External Affairs Minister of India S Jaishankar on Friday said India’s budget for infrastructure on the China border was increased significantly after Narendra Modi became Prime Minister.
India should have learnt lessons from the 1962 war but no headway was made in the development of border infrastructure till 2014, he claimed, adding that the Modi government increased the budget for the same from Rs 3,500 crore to Rs 14,500 crore.
With China, India must have “realistic, grounded and practical policy,” Jaishankar said, interacting with youth at an event titled `Why Bharat Matters: Opportunity for youth and participation in global scenario’ here.
“China is our neighbour, and be it China or any other neighbour, the border settlement is one kind of challenge.
I would like to dwell upon history here as if we do not learn lessons from history, we will continue to make mistakes again and again,” the minister said.
China occupied Tibet in 1950, and then home minister Sardar Vallabhbhai Patel wrote to Prime Minister Jawaharlal Nehru, stating that he was very disturbed with India’s policy towards China, Jaishankar said.
Patel cautioned that India should not take assurances by China at face value, but Nehru dismissed his concerns and said the Chinese were Asian people and did not harbour any ill-will towards India, he claimed.
“He (Nehru) said the Chinese in fact want friendship with India, and went on to claim that it is impossible that China will cross the Himalayas to attack India,” Jaishankar added.
While Patel was a practical, grounded and realistic man, Nehru was idealistic and leftist, the minister remarked.

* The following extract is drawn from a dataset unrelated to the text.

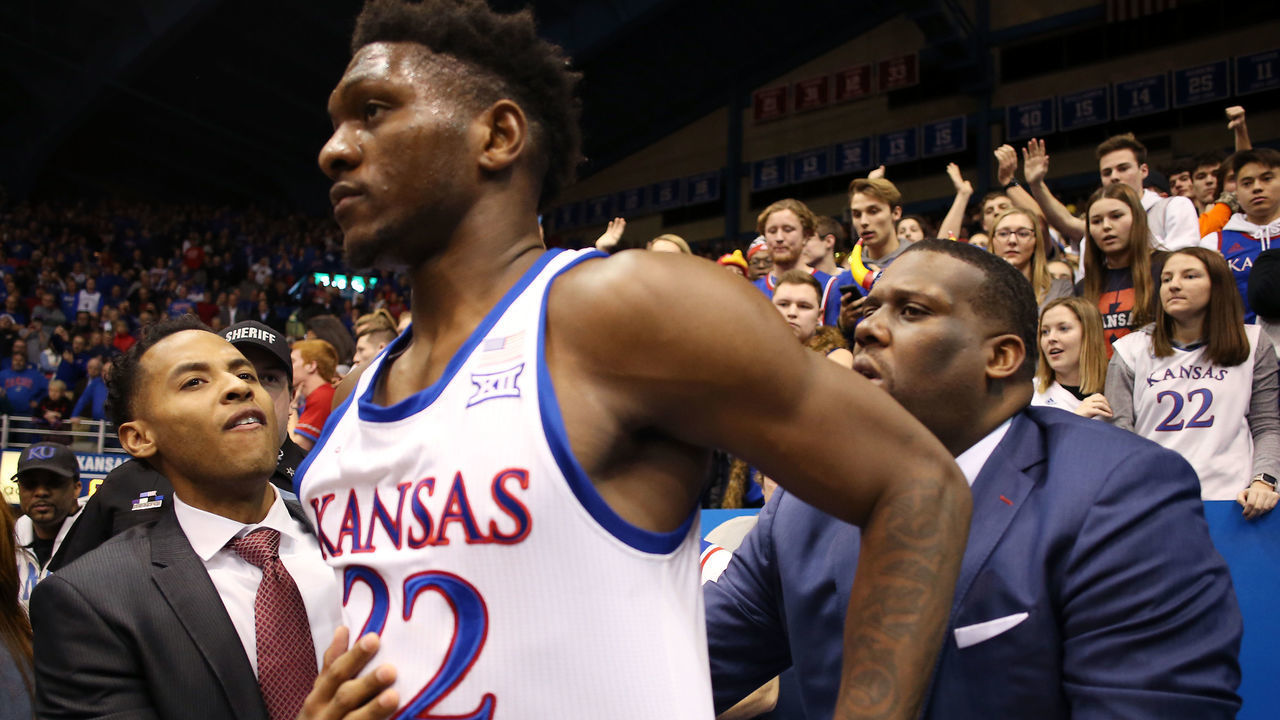 LAWRENCE, KANSAS - JANUARY 21: Silvio De Sousa #22 of the Kansas Jayhawks is restrained by coaches during a brawl as the game against the Kansas State Wildcats ends at Allen Fieldhouse on January 21, 2020 in Lawrence, Kansas.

“I am talking about history because with China, we have to have realistic, grounded and practical policy every time.
I am taking the clock of history a little ahead as after seven to eight years, China found itself building a road through Aksai Chin and when India realised that they are making a road though our territory, India registered a protest.
First they did not respond but later claimed that it was their land,” Jaishankar said.
From 1957 to 1962, when Chinese were building road, preparing for war, the Indian government was busy thinking that India is non-aligned and China is non-western, and both countries have ideological relations, he said.
“We should have taken lessons from the 1962 war.
We should have made headway in border infrastructure but from 1962 to 2014, the thinking of the government was not to make any improvements on the border front with China.
A then defence minister even said that the best defence is to leave the border without development,” said Jaishankar.
When Modi became PM, the budget for infrastructure on the China border was Rs 3,500 crore and today it is Rs 14,500 crore, he stated.
“Just recall that in the last few years, new tunnels, roads, bridges along the China border are made. Sela tunnel was made where the Chinese had reached in 1962.
Till the time, we do not make any headways into the border infrastructure, how can we make the border pose a challenge,” he said.
Jaishankar said the other serious challenge in connection with China was economic as the Indian market was receiving goods from that nation for the last 20-25 years.
“Because of this, our businesses and labour force were suffering. Till we started manufacturing in India.
In the name of environment, manufacturing was being stopped. Even now a renowned economist claimed India does not have the capability to manufacture,” the EAM said.
If there is no manufacturing in the country, where will technology come from and how would the nation compete, he asked.
“For me, making vaccines, Chandrayaan, making bridges, making tunnels, creating 5G stack is Bharat.
We will have to compete (with China). We will have to make preparations.
There is a possibility that country might support some anti-India ideology among some nations,” he said.
“But, I can say that today we have clarity in our mind as far as China is concerned unlike in 1950.
We want the borders to become stable without any conflict,” he said.
He said agreements between the two nations will have to be adhered to, adding that China, during the Covid pandemic, broke an understanding that both sides will not bring more than 5,000 troops or big weapons to the Line of Actual Control without permission.
“But we responded quickly. Indian forces are deployed there and will continue to be deployed.
They will stay there till peace and tranquillity is restored at the border.
If there is an attempt to put pressure on us, we will stand up to that pressure and that is what we are doing today,” Jaishankar asserted.
Earlier this week, in an interview to Newsweek, prime minister Modi had said that for India, the relationship with China is important and significant, and “we need to urgently address the prolonged situation on our borders so that the abnormality in our bilateral interactions can be put behind us.”